Is there a quicker way to find this differential $\frac{dh}{dt}$
Just as some context, this question involved revolving the curve $y=\frac{1}{4}x^2$ around the y-axis for $y\in[0,25]$. The first part was just to find this volume which I had no problems with. Howver, the second part involves filling this container full with water and then letting it leak out. It was said that the rate at which the volume of water was exiting was $$ \frac{dV}{dt}=-kh$$ Where $k$ is some constant and $h$ is the height of the water at any time $t$. It is required to show that $$\frac{dh}{dt}=\frac{-k}{4\pi}$$ I got this result in the following method but it feels like there may be a shortcut I can take within my method. We know that $$V=\pi\int(x^2(y))dy$$ But $y$ is the height so $$V=4\pi\int(h)dh$$ $$V=2\pi h^2+c$$ Then differentiate W.R.T $t$ $$\frac{dV}{dt}=4\pi h\frac{dh}{dt}$$ Which indeed gives us the correct answer.

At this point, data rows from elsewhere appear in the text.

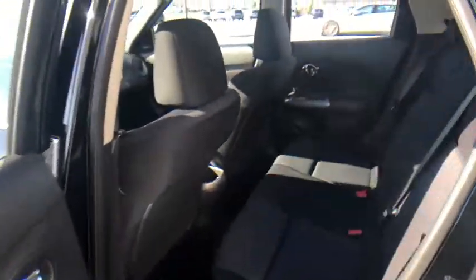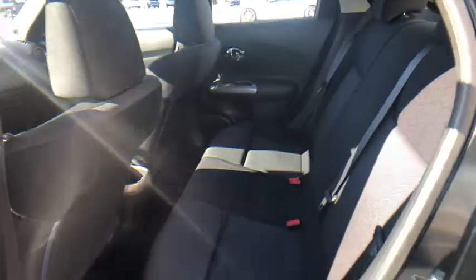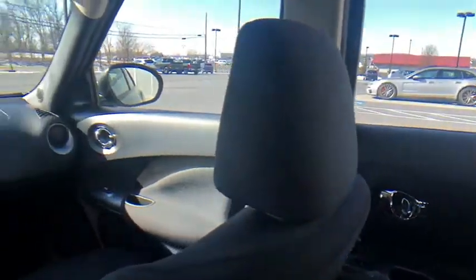Remote keyless entry, panic alarm, rear window wiper, cloth seat trim, driver vanity mirror, front reading lamps.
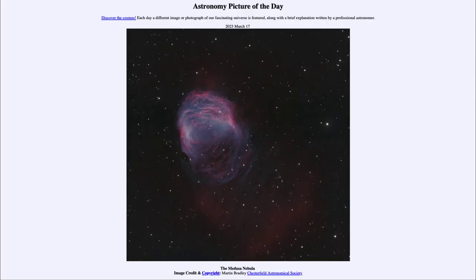Greetings and welcome to the Introduction to Astronomy. One of the things that I like to do in each of my introductory astronomy classes is to begin the class with the Astronomy Picture of the Day from the NASA website, that is apod.nasa.gov/apod. And today's picture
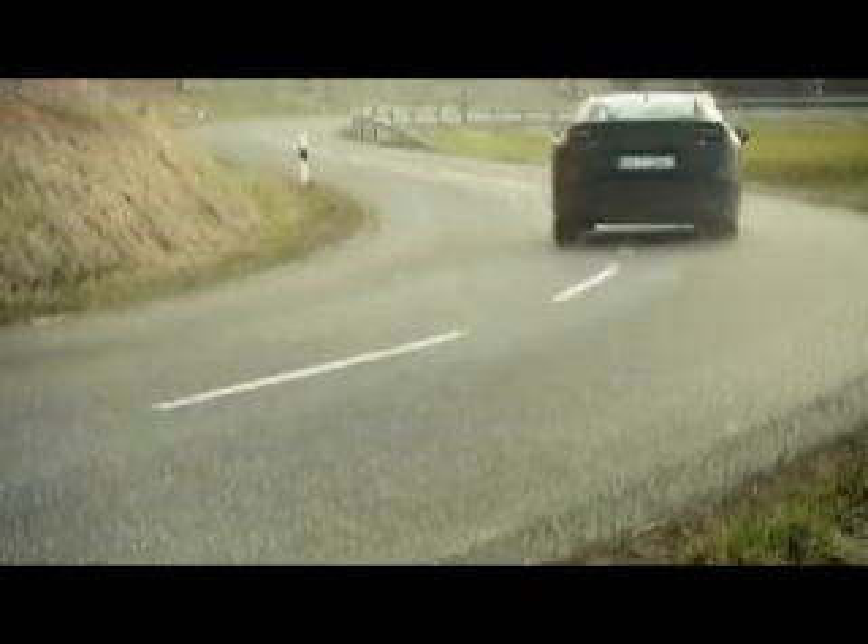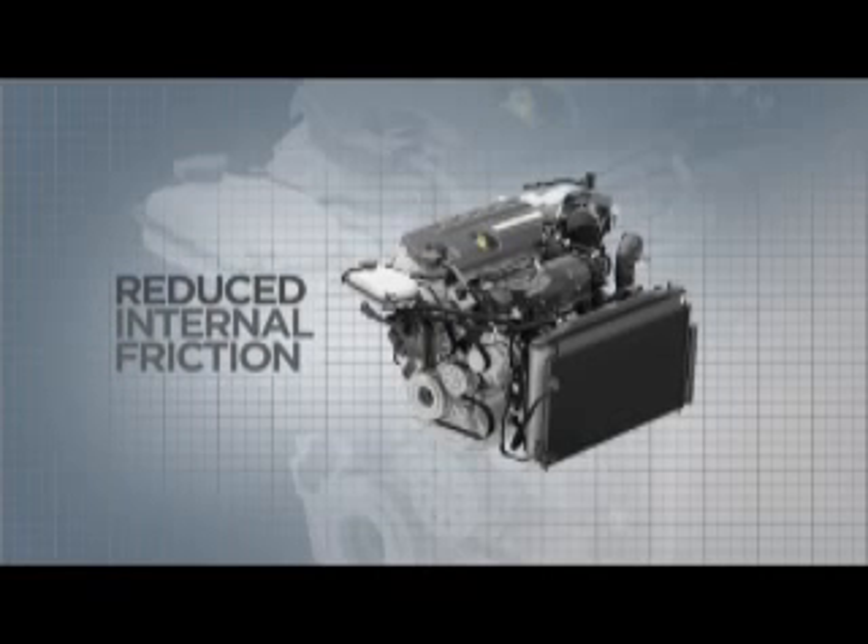To reduce friction in the engine, we focused on two areas. The first was to optimize oil flow, which reduces drag loss. The second area focused on the build materials, reducing friction in all the moving parts.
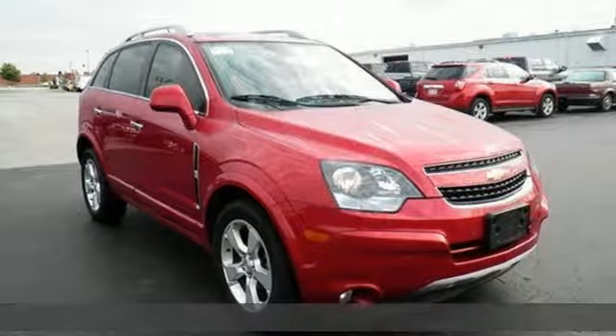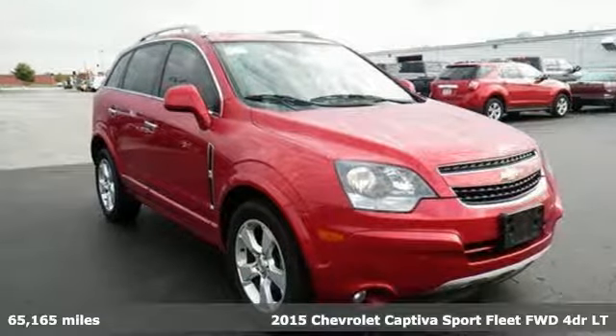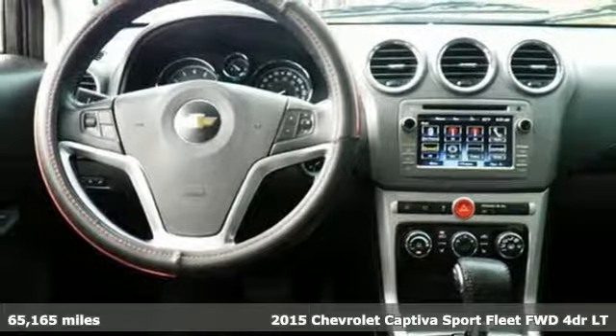It's a 2015 Chevrolet Captiva Sport Fleet. Chevrolet, 100 years of icons.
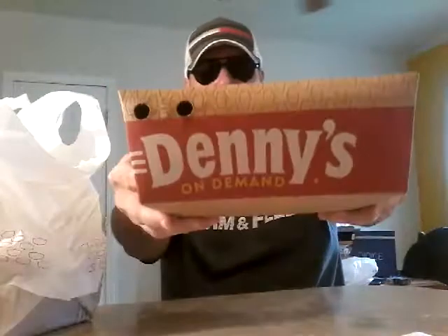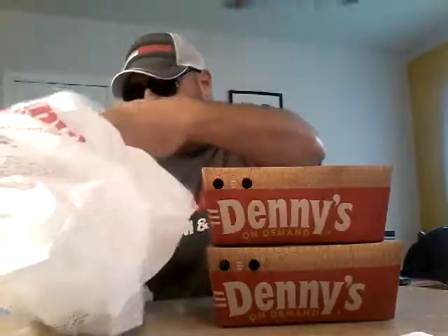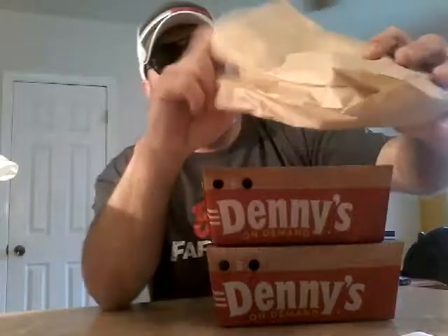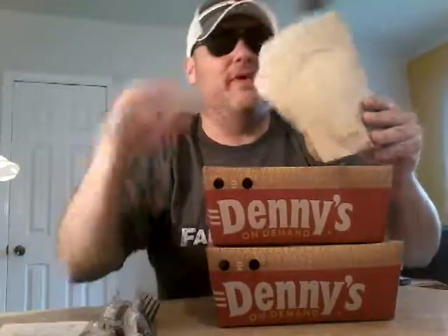Nice packaging there for Denny's. Oh my gosh, there's a whole bag of accessories. I know the guys that do the ration reviews love the accessories bag — we got a spork and knife. You can use that to eat your military rations. And just a bunch of ketchup.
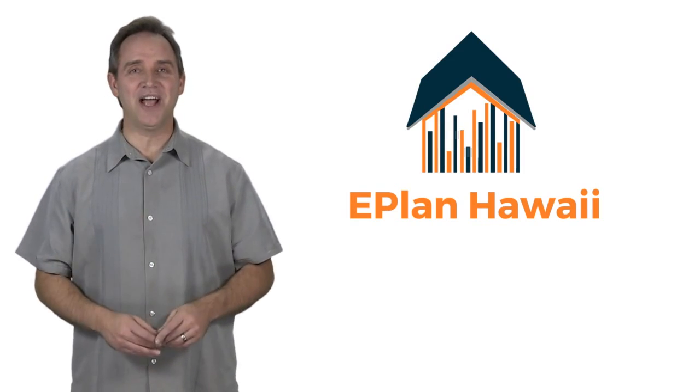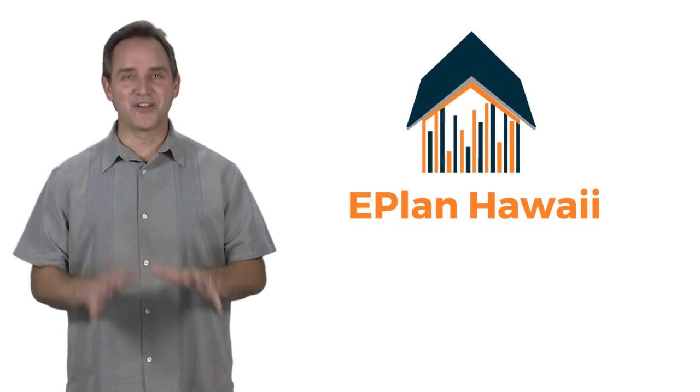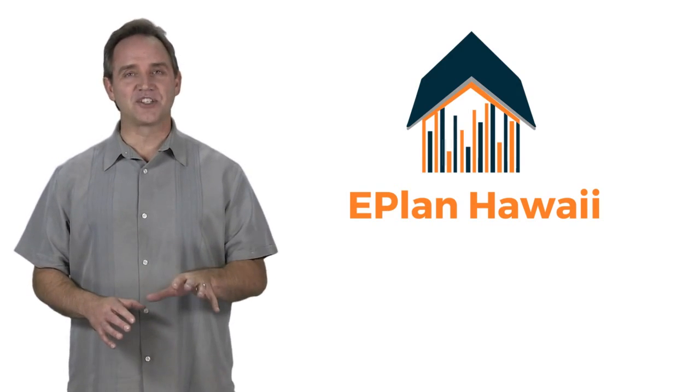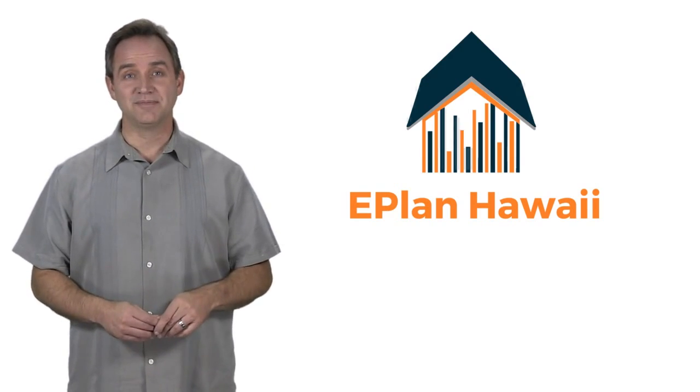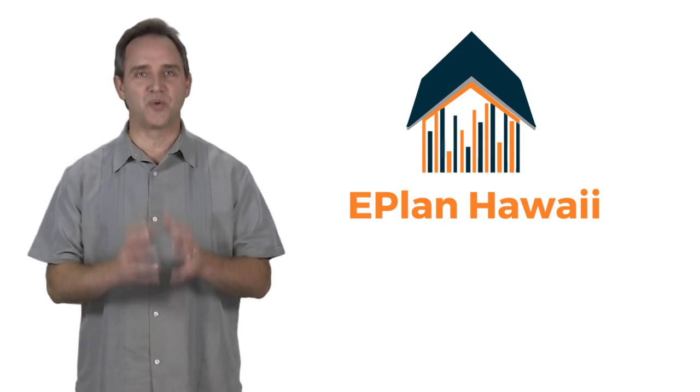Welcome to ePlanHawaii.com. Click on the link and fill out the form to discover how we can help you. We work with you face to face to help you design and plan your project quickly.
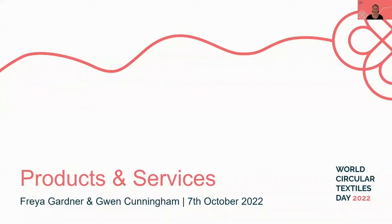The WCTD vision imagines an industry where products and services are designed for multiple use and material value retention with maximum positive impact. I'm Freya Gardner, coordinator of the 2022 Global Mapping Project. Together with Gwen Cunningham, WCTD co-founder, I'll be taking a look at how the field of circular products and business models has developed in the past year.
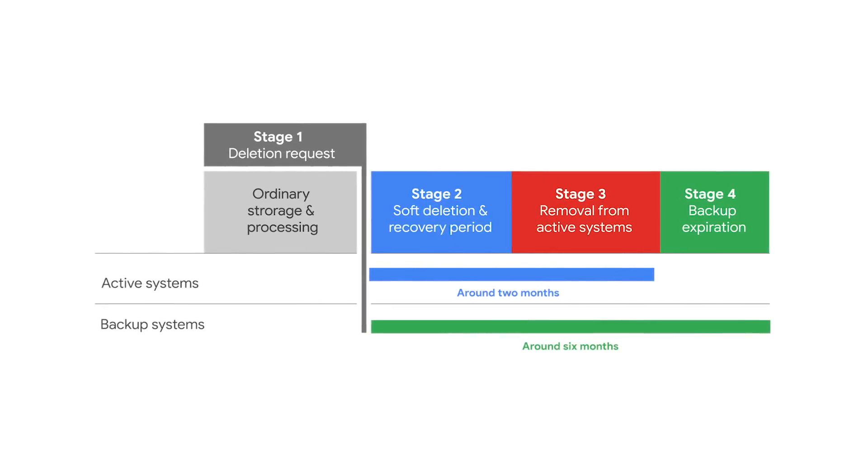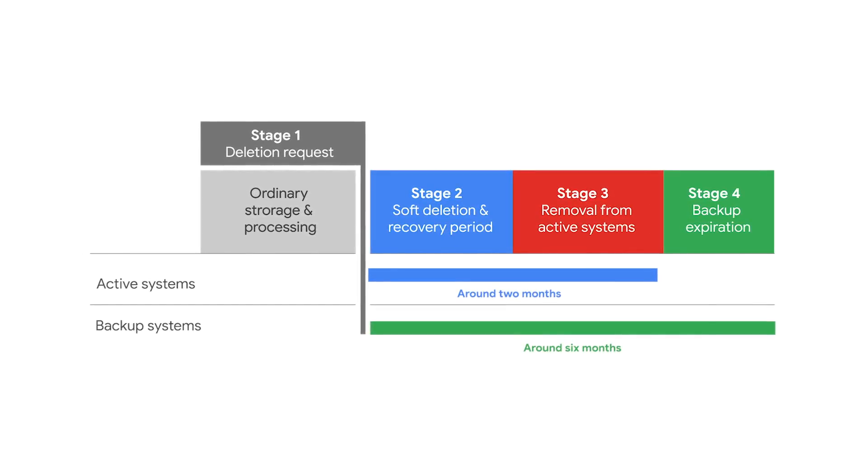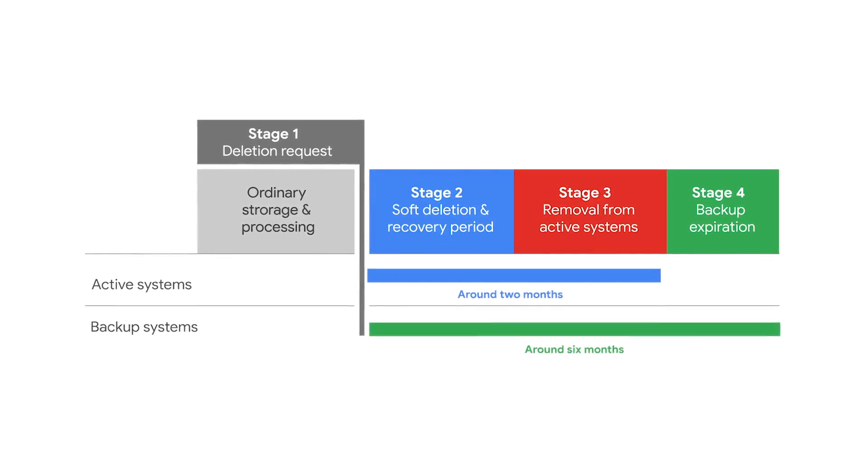The point of all this is that when you delete something from Google Cloud, you can rest assured that it is without a doubt 100% gone. The entire process from start to finish is fully explained in a whitepaper, which we will link to in the video description.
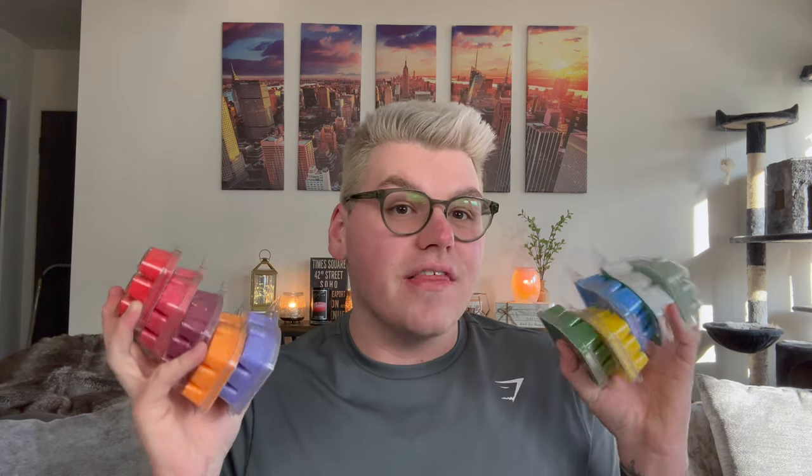I'm so excited. I have not gotten my sniffer on these yet. They did just come a couple days ago, but just from the colors and the weather outside, I was like, I need to sit down and film this video. So without further ado, let's get into it.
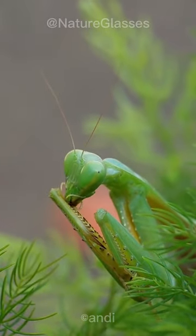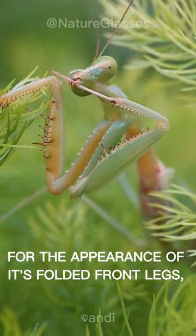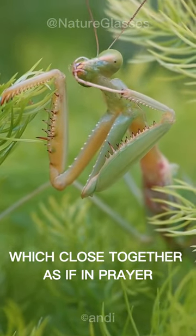This is a praying mantis. The praying mantis is a carnivorous insect named for the appearance of its folded front legs, which close together as if in prayer.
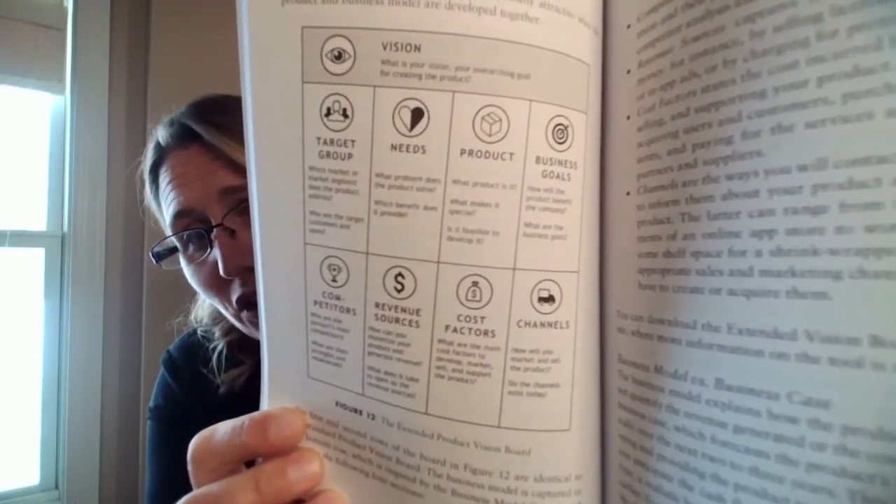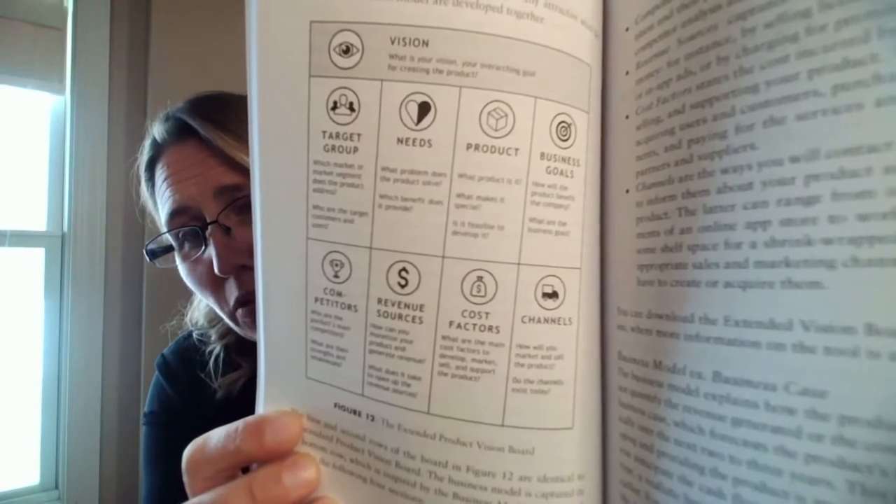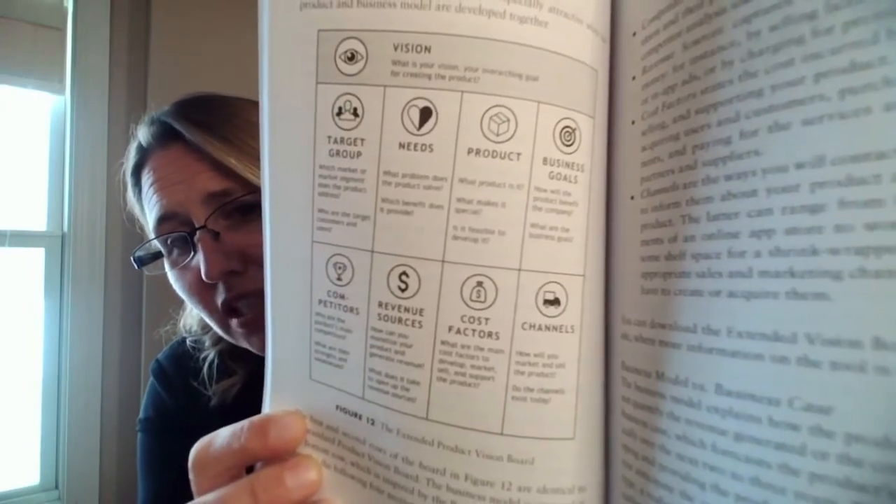I'll show you what this chart looks like. We've got vision, a target group, needs, revenue sources. Those sound an awful lot like things that we're talking about every day in nonprofits — things we might document for a strategic plan, or in a logic model, in a theory of change. This is called an extended product vision board. Maybe they're actually not so far apart. Different words, same basic symbols, same key components.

However, it feels I have gone backwards here as I have integrated and then differentiated? I'm thinking we can take $$V=4\pi\int h dh$$ And then differentiate to get $$\frac{dV}{dt}=4\pi\frac{d}{dt}(\int hdh) $$ But can we simplify the RHS without having to compute this integral? I know it is not a major time saver but just interested in different methods. Thanks.
Solution 1:
As you have written in your comment, you can simplify $\frac{d}{dt}\int hdh$ because, by the Chain Rule, this is the same as $$\frac{d}{dh}\int h dh\left(\frac{dh}{dt}\right)=h\frac{dh}{dt}$$
Alternatively, $$V=\pi\int x^2dy\implies \frac{dV}{dy}=\pi x^2=4\pi y$$
But at time $t$, $y=h$, so $\frac{dV}{dh}=4\pi h$.
Therefore, $$\frac{dh}{dt}=\frac{dh}{dV}\cdot\frac{dV}{dt}=\frac{1}{4\pi h}\cdot(-kh)=-\frac{k}{4\pi}$$
Solution 2:
Since we're working with a specified height, we should be using a definite integral (to avoid constants of integration).
Since $y=\frac{1}{4}x^2$, $x=2\sqrt{y}$. Therefore, the volume when the height is $h$ is $$ V=\int_0^h \pi (2\sqrt{y})^2dy=4\pi\int_0^hydy. $$ Then, differentiating both sides with respect to $t$ gives (using the fundamental theorem of Calculus/differentiating under an integral), $$ \frac{dV}{dt}=4\pi h\frac{dh}{dt}. $$
Since $\frac{dV}{dt}$ was given, we have that $$ -kh=4\pi h\frac{dh}{dt}. $$ From there, we solve to get $$ \frac{dh}{dt}=-\frac{k}{4\pi}, $$ as desired.